BEGIN

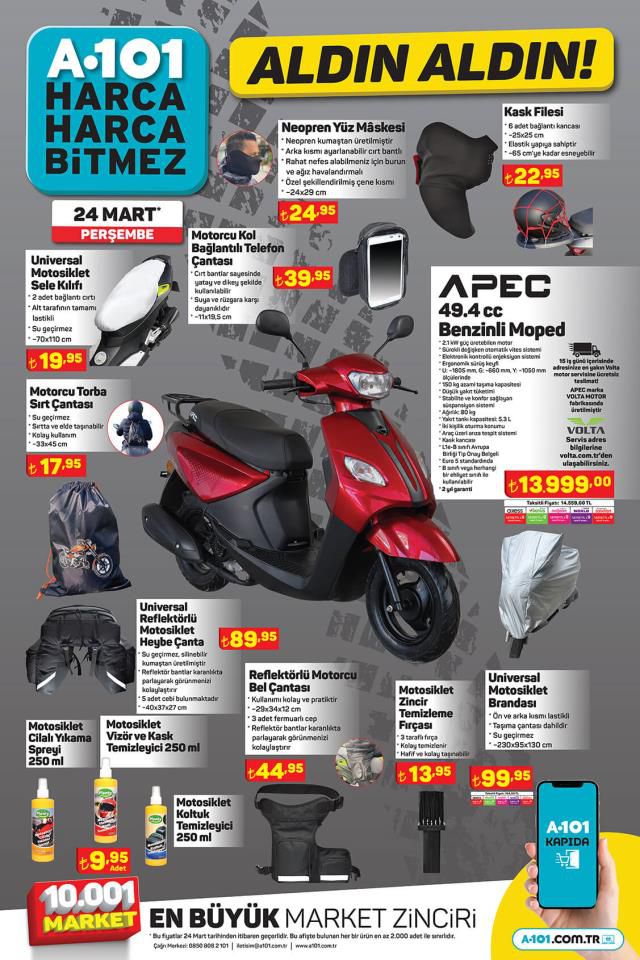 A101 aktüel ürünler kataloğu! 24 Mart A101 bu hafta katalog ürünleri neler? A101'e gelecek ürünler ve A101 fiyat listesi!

END
BEGIN

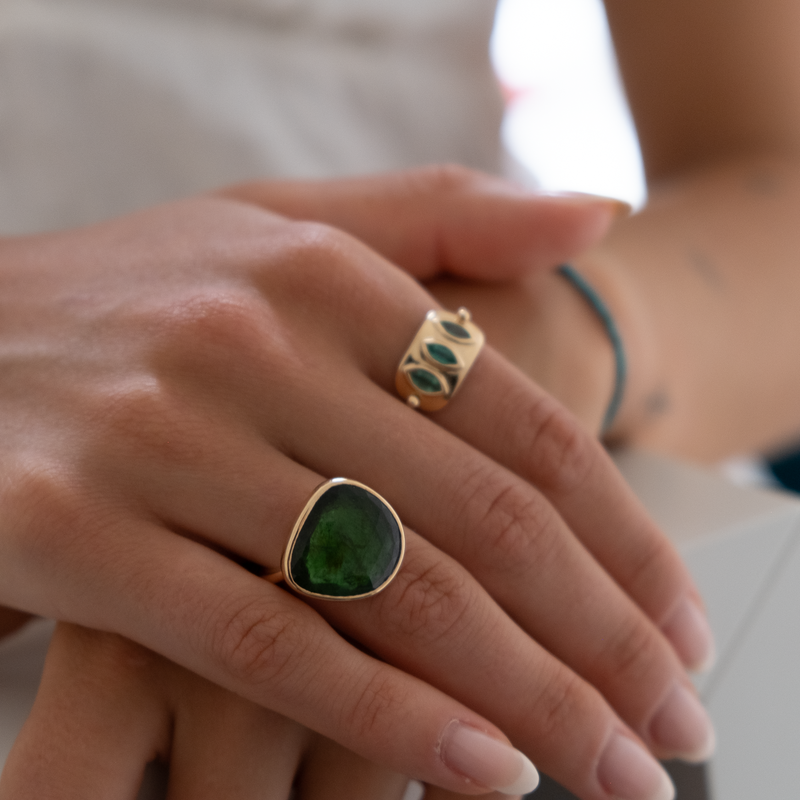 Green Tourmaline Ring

END
BEGIN

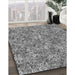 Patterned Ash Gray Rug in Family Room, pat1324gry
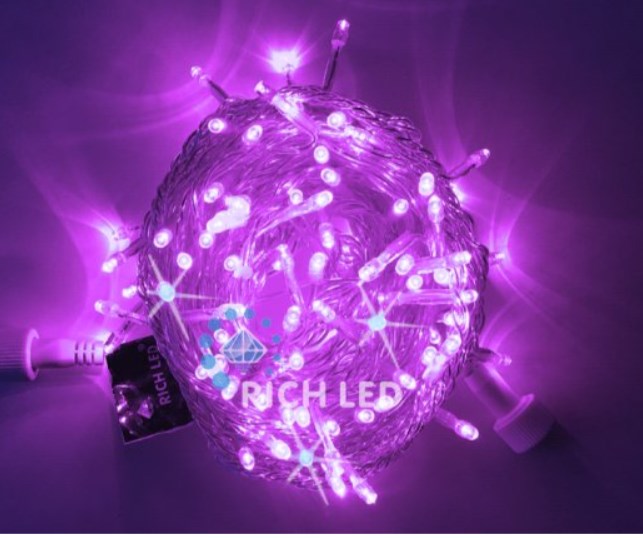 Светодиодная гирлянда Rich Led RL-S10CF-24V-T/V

END

▸ **What the task requires**
The output is the stretch above from the line with "Patterned Ash Gray" through the line with "Светодиодная гирлянда Rich", copied word for word with both ends kept and every picture dropped.

▸ **Solved exercise**
 Patterned Ash Gray Rug in Family Room, pat1324gry
 Светодиодная гирлянда Rich Led RL-S10CF-24V-T/V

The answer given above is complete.